If I'm reading this right, their array resizing was linear rather than geometric -- definitely a radical difference from the usual implementations! That is, each time they called realloc, they added a constant amount of capacity instead of doing the usual thing, which is multiplying it by some constant (e.g. doubling it). Consider what happens in the most naive implementation, where realloc calls malloc+memcpy+free, taking time proportional to the size of the buffer to be copied: appending n times to such an array would take O(n^2) time, rather than O(n) as you'd get from a linked list or from an array that grows geometrically.
Of course they can get away with it on most systems, because most memory allocators don't have that kind of naive implementation. They may do a geometric growth policy automatically; they may switch to grabbing memory from the OS's virtual memory system for allocations above a certain size; they can do all sorts of things that have the convenient side-effect of making the constant-growth algorithm here more efficient. But it shouldn't come as any great surprise that things can get weird on some systems with different memory management, when they've taken such an unusual approach to their array resizing.
Nice data supporting why I was about an evidence-based approach to data structure or algorithm selection with realistic measurements. There was a lot of work in automating this with special compilers in 90's and early to mid 2000's. Not sure what they're doing now.
Another thing I used to bring up was using in-order execution and compiler-directed scratchpads (w/ option for manual) to get more predictable performance. Esp for real-time or preventing covert channels.
That is, in practice, results from complexity theory seems to be totally neglected.
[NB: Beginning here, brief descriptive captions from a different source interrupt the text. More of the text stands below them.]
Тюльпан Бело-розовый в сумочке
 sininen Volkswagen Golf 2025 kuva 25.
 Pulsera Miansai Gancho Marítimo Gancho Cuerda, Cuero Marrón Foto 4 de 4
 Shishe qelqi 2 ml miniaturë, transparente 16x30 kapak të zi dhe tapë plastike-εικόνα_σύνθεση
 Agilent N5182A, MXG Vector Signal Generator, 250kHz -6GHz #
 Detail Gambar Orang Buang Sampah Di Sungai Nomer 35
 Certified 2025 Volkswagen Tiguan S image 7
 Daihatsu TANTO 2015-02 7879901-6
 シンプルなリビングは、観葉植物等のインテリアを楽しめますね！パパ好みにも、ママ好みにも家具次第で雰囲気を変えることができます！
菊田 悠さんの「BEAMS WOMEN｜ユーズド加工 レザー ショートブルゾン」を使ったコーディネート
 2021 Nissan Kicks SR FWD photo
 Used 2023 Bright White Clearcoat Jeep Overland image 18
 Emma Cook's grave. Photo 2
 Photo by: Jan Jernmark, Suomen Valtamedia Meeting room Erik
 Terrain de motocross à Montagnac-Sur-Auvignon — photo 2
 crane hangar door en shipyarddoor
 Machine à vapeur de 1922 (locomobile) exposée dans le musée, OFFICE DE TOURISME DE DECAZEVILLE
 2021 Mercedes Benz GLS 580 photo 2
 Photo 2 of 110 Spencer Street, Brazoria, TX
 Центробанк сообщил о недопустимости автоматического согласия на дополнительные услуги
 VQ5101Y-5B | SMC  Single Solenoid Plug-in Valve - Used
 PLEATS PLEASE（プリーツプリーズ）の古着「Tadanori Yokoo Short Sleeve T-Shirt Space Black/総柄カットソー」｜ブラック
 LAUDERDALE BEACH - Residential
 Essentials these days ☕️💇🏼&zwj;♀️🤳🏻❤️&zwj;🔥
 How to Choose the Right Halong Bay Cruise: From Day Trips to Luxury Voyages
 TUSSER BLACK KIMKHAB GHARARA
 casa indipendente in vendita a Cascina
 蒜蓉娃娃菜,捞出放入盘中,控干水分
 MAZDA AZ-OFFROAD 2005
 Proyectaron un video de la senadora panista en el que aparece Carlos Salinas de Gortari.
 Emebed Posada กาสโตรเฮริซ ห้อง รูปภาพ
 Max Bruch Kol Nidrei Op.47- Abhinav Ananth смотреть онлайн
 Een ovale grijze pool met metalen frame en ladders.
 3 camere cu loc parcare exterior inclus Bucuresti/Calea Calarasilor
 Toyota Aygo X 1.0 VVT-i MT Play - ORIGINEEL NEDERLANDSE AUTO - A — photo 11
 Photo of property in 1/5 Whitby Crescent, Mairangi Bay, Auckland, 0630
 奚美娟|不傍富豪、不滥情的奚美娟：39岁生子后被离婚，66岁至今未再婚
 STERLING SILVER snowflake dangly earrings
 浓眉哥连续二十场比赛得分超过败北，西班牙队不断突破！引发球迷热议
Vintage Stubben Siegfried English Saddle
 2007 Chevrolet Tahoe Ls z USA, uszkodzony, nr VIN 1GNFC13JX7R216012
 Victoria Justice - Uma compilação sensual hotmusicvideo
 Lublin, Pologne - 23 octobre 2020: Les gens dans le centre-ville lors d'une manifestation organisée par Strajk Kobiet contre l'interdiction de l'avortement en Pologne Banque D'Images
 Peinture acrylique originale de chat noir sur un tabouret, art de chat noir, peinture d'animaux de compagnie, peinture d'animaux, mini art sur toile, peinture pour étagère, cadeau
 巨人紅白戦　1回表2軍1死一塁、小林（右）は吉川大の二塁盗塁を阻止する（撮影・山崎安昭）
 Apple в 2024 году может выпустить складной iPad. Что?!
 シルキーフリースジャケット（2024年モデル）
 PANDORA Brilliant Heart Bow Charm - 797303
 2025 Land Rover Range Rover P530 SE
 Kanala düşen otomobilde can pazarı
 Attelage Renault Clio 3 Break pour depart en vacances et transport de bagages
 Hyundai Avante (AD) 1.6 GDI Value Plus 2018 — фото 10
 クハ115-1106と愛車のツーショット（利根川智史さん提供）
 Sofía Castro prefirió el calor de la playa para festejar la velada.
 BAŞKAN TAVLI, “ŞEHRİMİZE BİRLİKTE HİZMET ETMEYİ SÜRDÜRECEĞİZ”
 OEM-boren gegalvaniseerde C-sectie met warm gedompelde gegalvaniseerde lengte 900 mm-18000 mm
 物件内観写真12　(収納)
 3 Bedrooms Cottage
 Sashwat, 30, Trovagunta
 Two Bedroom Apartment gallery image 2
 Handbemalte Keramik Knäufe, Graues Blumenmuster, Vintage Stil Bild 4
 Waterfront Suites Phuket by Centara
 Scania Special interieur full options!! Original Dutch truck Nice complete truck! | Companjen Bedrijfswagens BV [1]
In our opinion, what happens is that software is so complex, and there are so many
layers of software underneath the application code, that it is not even
clear which data structures are better; at least for the simple case we describe
here.
In principle, I applaud the initiative to put the sacred theories given from above to the test. We need more of this and much earlier. Every CS 101 course should be presenting something similar.
On the other hand, what where this guys expecting? They are testing a LinkedList(TM) for goodness sake!!! Even if you assume hardware that follows the abstract theoretical machine of the C standard to the letter, all the toying around with pointers should be a good predictor that things are going to be slow regardless of what Complexity Theory says. And, speaking of Complexity Theory, with the samples sizes they were using, all the Big Oh analysis does not apply. The limits of the equations are irrelevant, the one with the lowest fixed cost wins!
So, I find extremelly annoying all that mumbo-jumbo about how the so called complexity of software and the processor caches, etc, make analysis impossible. It is not that difficult; the guy who does not overthink stuff and packs everything close enough to cause the least cache misses wins (and the idiot that needlessly spreads data around and uses indirection everywhere looses).
I follow up article that compares slight variants of the same data structure to take advantage of modern hardware would provide great insights!!!
I spent the entire last weekend trying to figure why a Linked List is slow no matter the operation or data type, compared to a flat array.
In the end I put my Big O knowledge in the drawer and stripped linked lists from the program I was working on, and got the 100x improvement in overall performance I was looking for.
I've spent the last year wondering why compiling and linking took so long. Now I've been looking at the source of our toolchain and see that not only does it use linked lists for everything, it also appends everything at the end -- without storing a pointer to the last element in the head. Fixing the O(n) append improves performance a lot.
I was using linked-list to append things to the head, which was supposed to be it's optimal use case. I've refactored the function it's calling to take an n argument, which means to leave first n holes in the returned vector for the calling function to fill.
I had also used a linked list of characters to represent strings to iterate through them one by one. This was very slow compared to iterating through an array.
Linked-lists were supposed to be O(1) inserting at the head, and O(n) iterating through it. However, it's no match against array O(1) assignment and O(n) array iteration.
Big-O doesn't care about constant factors, but in practice you do. Linked lists are one of the shittiest data structures on modern computers because random memory access is one of the most expensive operations you can do. In fact, on modern machines a random access is not an O(1) operation, it's O(log n), due to the TLB.
I am not 100% sure I understand your description, but if you want standard drop-in-replacement for linked lists, you want the array deque. It can do fast insertion and deletion at both ends.
The only operation it cannot do is O(1) deletion of any element, even in the middle, that you have an iterator to. But in my experience it is rare that you need that.
I dunno, I've seen enough split-memory architectures(helllllo PS3) that you can't just say that cache-lines are the end-all-be-all. Although paying attention to them are certainly better than the current crop of dynamic languages.
Of course they can get away with it on most systems, because most memory allocators don't have that kind of naive implementation. They may do a geometric growth policy automatically; they may switch to grabbing memory from the OS's virtual memory system for allocations above a certain size; they can do all sorts of things that have the convenient side-effect of making the constant-growth algorithm here more efficient. But it shouldn't come as any great surprise that things can get weird on some systems with different memory management, when they've taken such an unusual approach to their array resizing.